(Beginning of PROVIDED ENTRIES)

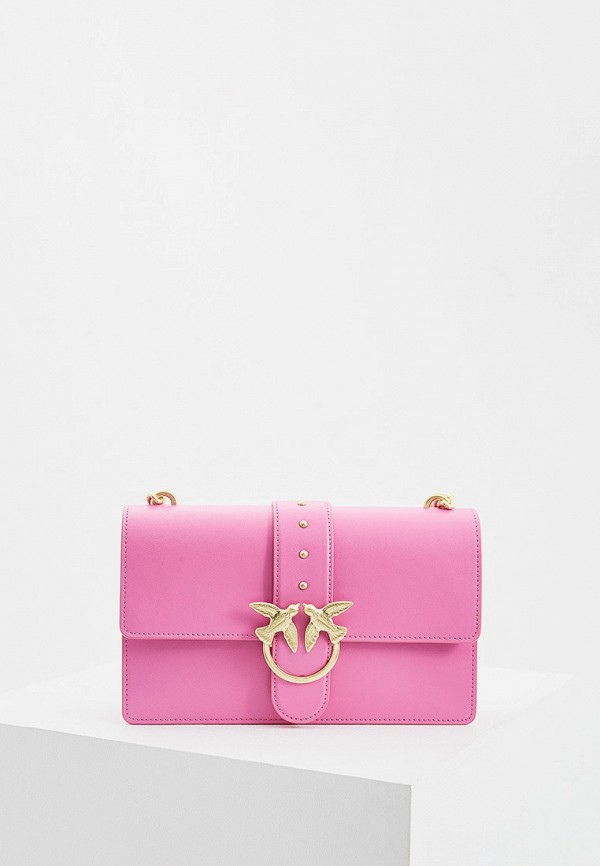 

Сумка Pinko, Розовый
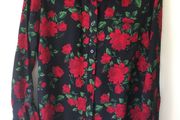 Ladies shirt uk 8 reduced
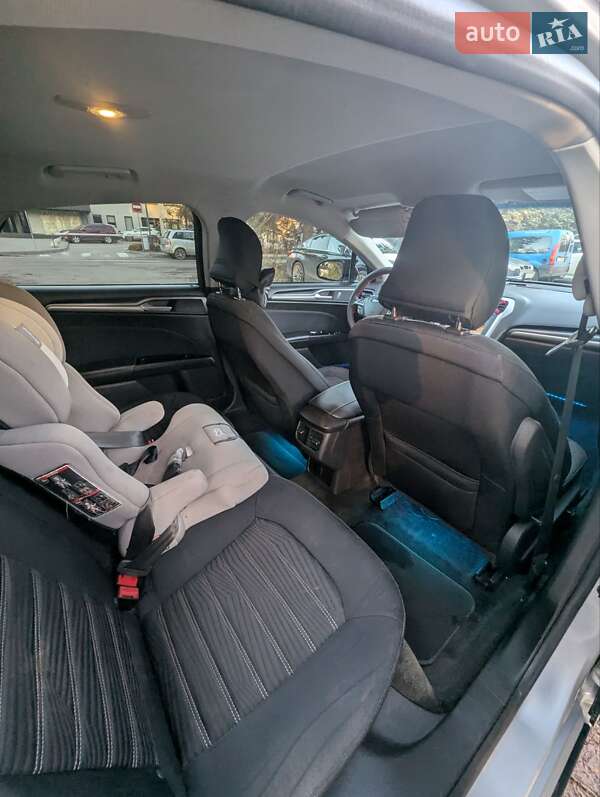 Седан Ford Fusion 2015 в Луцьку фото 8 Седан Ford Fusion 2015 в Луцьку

(End of PROVIDED ENTRIES)
(Beginning of PROVIDED ENTRIES)

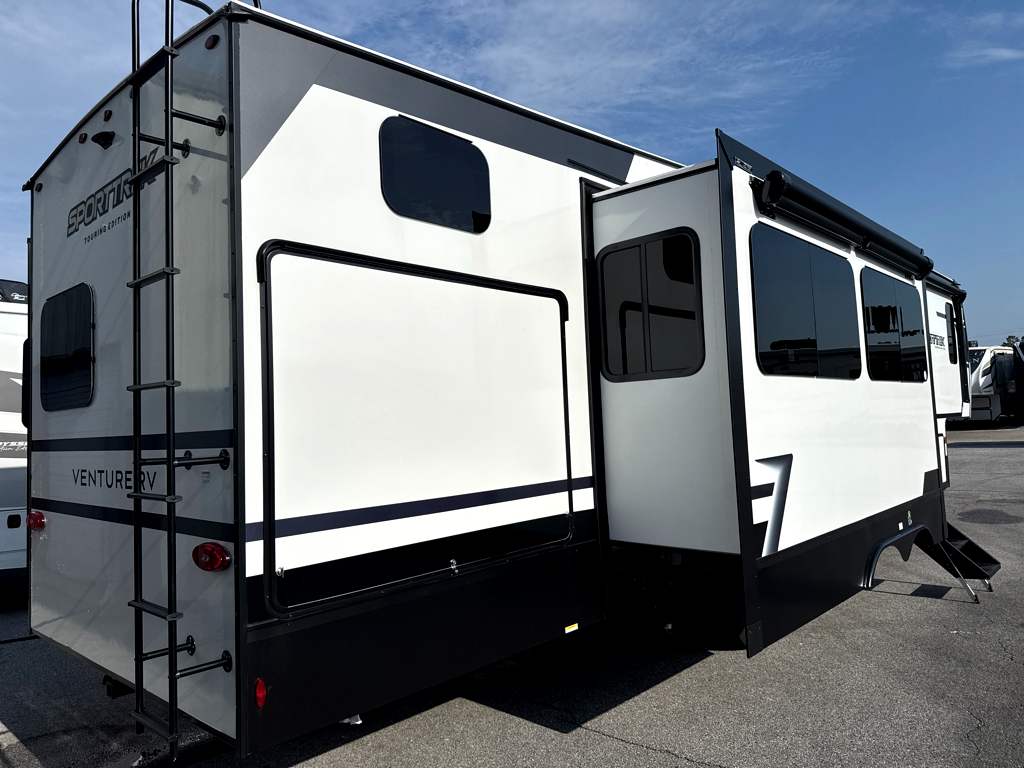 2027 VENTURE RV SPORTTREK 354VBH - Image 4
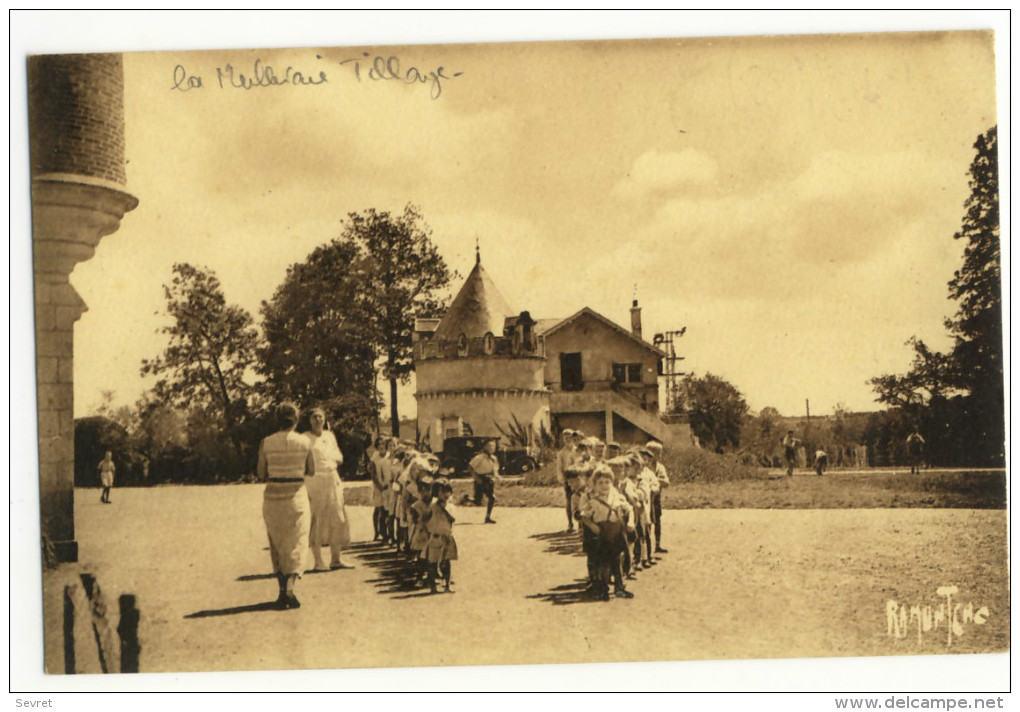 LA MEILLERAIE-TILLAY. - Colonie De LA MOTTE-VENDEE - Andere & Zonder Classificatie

(End of PROVIDED ENTRIES)
(Beginning of PROVIDED ENTRIES)

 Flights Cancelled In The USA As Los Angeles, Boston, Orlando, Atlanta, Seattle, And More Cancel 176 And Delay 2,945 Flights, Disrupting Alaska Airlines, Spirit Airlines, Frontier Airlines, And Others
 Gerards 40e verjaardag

(End of PROVIDED ENTRIES)

◆ WHAT YOU WILL DO: Starting at the line above that contains "Ladies shirt uk 8 reduced", transcribe every line exactly through the line that contains "Седан Ford Fusion 2015 в Луцьку фото", including that last one, and skip the pictures.

◆ TASK ANSWER:
 Ladies shirt uk 8 reduced
 Седан Ford Fusion 2015 в Луцьку фото 8 Седан Ford Fusion 2015 в Луцьку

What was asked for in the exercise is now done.